Como o nome anuncia, o projeto Agrobiodiversidade no Semiárido vai ser realizado na parte do Brasil mais afetada pelas mudanças climáticas que tornam os eventos naturais mais extremos, como secas mais longas e severas e chuvas mais intensas e concentradas, causando inundações e alagamentos.
E as mudanças climáticas são um dos maiores desafios da produção de alimentos no mundo. Nesse contexto, as espécies de sementes já adaptadas às regiões semiáridas e áridas do mundo têm sido altamente valorizadas pela ciência que quer estudar suas dinâmicas e características. “De grão, como são consideradas no Brasil, elas passam a ser consideradas sementes de excelência”, afirma Antônio Barbosa, coordenador dos programas de sementes crioulas e de promoção ao acesso à água para a produção de alimentos da ASA. E isso confere a elas o título não só de patrimônio genético dos agricultores e agricultoras familiares e do Semiárido, mas também do Brasil e do mundo.
O projeto Agrobiodiversidade no Semiárido trata-se de uma ação em rede, que acontecerá simultaneamente em sete territórios espalhados em cinco estados do Nordeste – Bahia, Sergipe, Pernambuco, Paraíba e Piauí. (Consulte abaixo, os territórios e municípios onde as atividades do projeto serão desenvolvidas)

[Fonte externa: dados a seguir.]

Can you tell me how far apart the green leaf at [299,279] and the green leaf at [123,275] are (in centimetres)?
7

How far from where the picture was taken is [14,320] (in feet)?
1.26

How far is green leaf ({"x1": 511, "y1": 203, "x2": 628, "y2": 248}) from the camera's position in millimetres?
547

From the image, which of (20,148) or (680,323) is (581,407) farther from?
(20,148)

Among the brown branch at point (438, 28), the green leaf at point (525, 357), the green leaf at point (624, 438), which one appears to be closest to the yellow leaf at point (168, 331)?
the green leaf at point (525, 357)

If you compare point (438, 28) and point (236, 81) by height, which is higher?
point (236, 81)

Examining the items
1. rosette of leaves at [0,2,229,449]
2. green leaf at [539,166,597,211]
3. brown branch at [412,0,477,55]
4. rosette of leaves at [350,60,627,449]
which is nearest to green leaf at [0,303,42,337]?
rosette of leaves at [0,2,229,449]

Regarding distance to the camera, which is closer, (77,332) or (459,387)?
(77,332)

A iniciativa é realizada após o Programa de Manejo da Agrobiodiversidade – Sementes do Semiárido da ASA, com parceria do BNDES e do Governo Federal, através do Ministério do Desenvolvimento Social (MDS), que virou Ministério da Cidadania. Segundo Barbosa, o Inova pode ser considerado um passo além do Sementes do Semiárido.

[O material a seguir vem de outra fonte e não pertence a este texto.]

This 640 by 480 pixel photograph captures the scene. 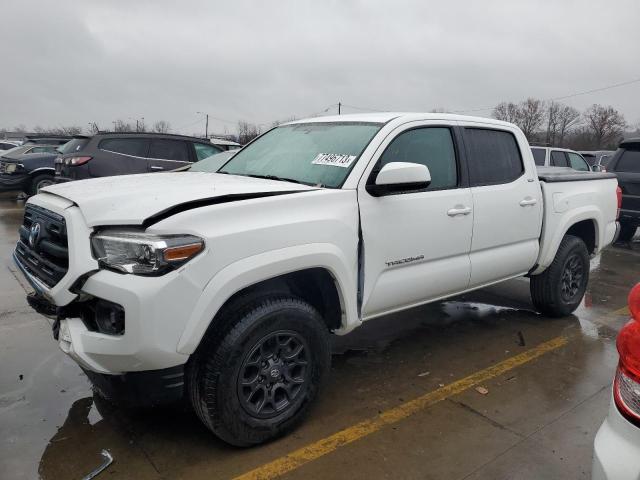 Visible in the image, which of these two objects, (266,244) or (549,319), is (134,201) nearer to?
(266,244)

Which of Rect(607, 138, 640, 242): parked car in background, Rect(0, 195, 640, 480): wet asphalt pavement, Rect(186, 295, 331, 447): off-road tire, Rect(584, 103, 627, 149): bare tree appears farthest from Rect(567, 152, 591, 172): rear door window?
Rect(584, 103, 627, 149): bare tree

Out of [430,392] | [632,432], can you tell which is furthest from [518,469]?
[632,432]

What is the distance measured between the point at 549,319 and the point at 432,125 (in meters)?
2.60

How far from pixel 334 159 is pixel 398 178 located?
528 millimetres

“Já passamos pelo momento de olhar para os materiais [genéticos], de sistematizar a importância das sementes dos agricultores e agricultoras, de formar grupos comunitários e formar as casas e bancos comunitários de sementes. Agora, nós estamos dando um passo à frente. Queremos agora avançar para uma perspectiva de testar o valor das sementes. Não temos nenhuma dúvida de que estas sementes têm um poder de transformação das vidas das pessoas muito grande. Mas a gente precisa, como diz no campo da ciência, validar esta perspectiva”, explica Barbosa.
Junto às ações de valorização do material genético, também está prevista a execução de estratégias de conservação e multiplicação destas sementes, também com intenção de influenciar políticas públicas. E são diversos tipos de estratégias, muitas delas inovadoras.

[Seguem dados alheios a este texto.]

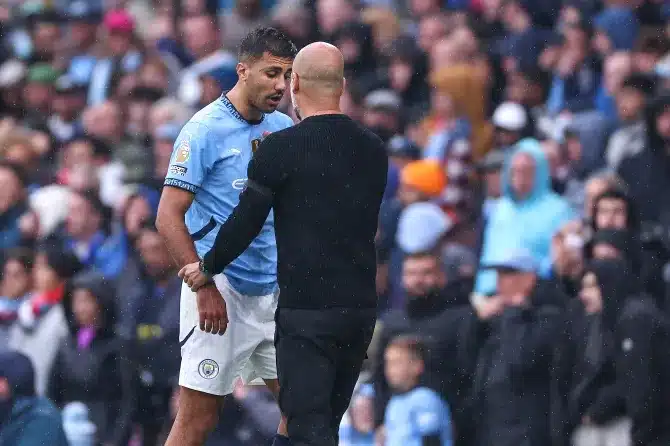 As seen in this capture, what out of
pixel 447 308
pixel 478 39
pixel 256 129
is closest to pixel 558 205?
pixel 447 308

Inovar – Aliás, o nome “inovação” caracteriza muito bem este projeto. Não é à toa que o nome do programa ao qual faz parte é “Inova Social”. “Ele inova na possibilidade de multiplicar estas sementes, na possibilidade de testar e fazer os ensaios de comparação e inova também nesta parceria ASA-Embrapa”, acrescenta Barbosa.
Entre as estratégias inovadoras, estão a integração de dois sistemas de conservação das sementes crioulas, usadas em geral de forma separada. A conservação na roça, também conhecida como on-farm ou in-situ, e a conservação fora do lugar de ocorrência da espécie, com a feita pela Embrapa, universidades e institutos de pesquisa nos seus bancos de germoplasma.
“A integração entre dois sistemas de conservação, apesar de ser uma recomendação, todo mundo reconhece como necessária, poucas experiências efetivas foram levadas a cabo”, assegura Paola Cortez Bianchini, pesquisadora da Embrapa Semiárido.
Neste projeto entre a ASA e quatro unidades da Embrapa – Semiárido, Tabuleiros Costeiros, Meio Norte e Cenargen -, está prevista a devolução de sementes crioulas guardadas no banco de germoplasma de várias unidades da Embrapa, assim como o uso das estruturas da empresa brasileira para guardar materiais com algum tipo de risco de desaparecimento ou contaminação, como é o caso dos milhos crioulos pelas variedades transgênicas.
Pesquisa – Outra estratégia do projeto é a validação científica das qualidades biológicas, culturais, sociais das sementes crioulas por meio da realização de pesquisas – chamadas ensaios de comparação – entre o material manejado há gerações pelas famílias agricultoras e as espécies comerciais, inclusive, as distribuídas pelos programas governamentais.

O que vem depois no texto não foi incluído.